Saturday, May 05, 2007

Algorithms, Inference and Statistical Physics (Santa Fe)

How can I refuse to go to a meeting as broad as Algo, Inference and Statistical Physics? It was held recently at Santa Fe. Wonderful crowd of several coding/information/communication theorists, some physicists, and a handful of algorithmii (Dimitris Achlioptas, Asish Goel). David Tse gave a nice talk on how much information can be routed in a sensor network (his result improves on the seminal work by Gupta and Kumar), more below. There were talks on message passing algorithms, the relationship between Belief Propagation and LP, and others including network coding, and (:-) may be) even physics.

Here is a technical issue. The Bernoulli random graph is G(n,p) where each edge in an n-node graph appears independently with probability p. The geometric random graph is G(n,r) where n nodes are randomly placed on Euclidean plane and any two nodes within distance r have an edge between them. One can analyze G(n,r) much like G(n,p), but the key difference is that the edges are not independent in G(n,r).

While a lot of papers have analyzed properties of G(n,r) recently, for a long time I thought they should really just behave like a grid, and they should be easy to analyze using simple gridding techniques.
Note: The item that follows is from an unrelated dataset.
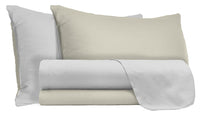 Set Lenzuola Singolo Sopra Sotto e Federe Doubleface Grigio Chiaro/Panna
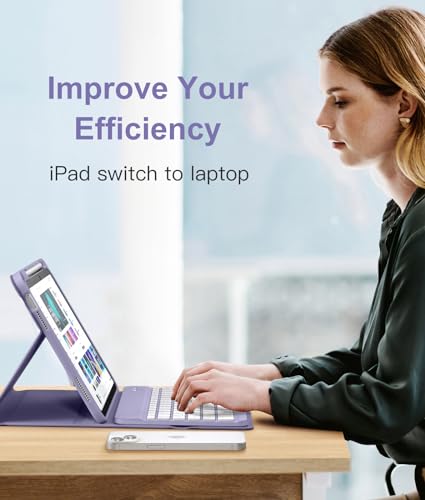 Image of Hamile for iPad 11th 10th Generation Case with Keyboard - 7 Colors Backlit Wireless Detachable Folio Keyboard Cover with Pencil Holder for iPad 11-inch A16 2025 10th Gen 10.9 Inch 2022 (Lavender)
Gopal and I managed to that for some basic problems in a SODA paper. The capacity result of \sqrt{n} from Gupta, Kumar paper also seems to indicate the grid-like behavior of G(n,r). In a paper that proved thresholds for monotone properties of G(n,r), the authors Goel, Rai and Krishnamchari used red-blue matching, and in a recent talk, Ashish at this workshop formalized some claims about upper and lower bounding G(n,r) by grids for estimating certain properties. So a question:

Can the information capacity results of Gupta and Kumar, or the recent ones by A. Ozgur, O. Leveque and David Tse (OLT), be rephrased as follows: G(n,r) for a particular property (routing,information exchange, whatever), behaves like a well-known graph (mesh, clique or a linked list of some depth)? Studying such property on these well-known graphs is more straightforward. In particular, OLT result that uses recursive multi-transmit, multi-receive routing protocol to transmit O(n^(1-\eps)) bits per pair from n source-destination pairs(Gupta and Kumar showed O(n^{1/2})) is interesting and does it show G(n,r) is like a YYY-type (clique?) graph of some size? This is a speculative question, probably much too vague to think about it.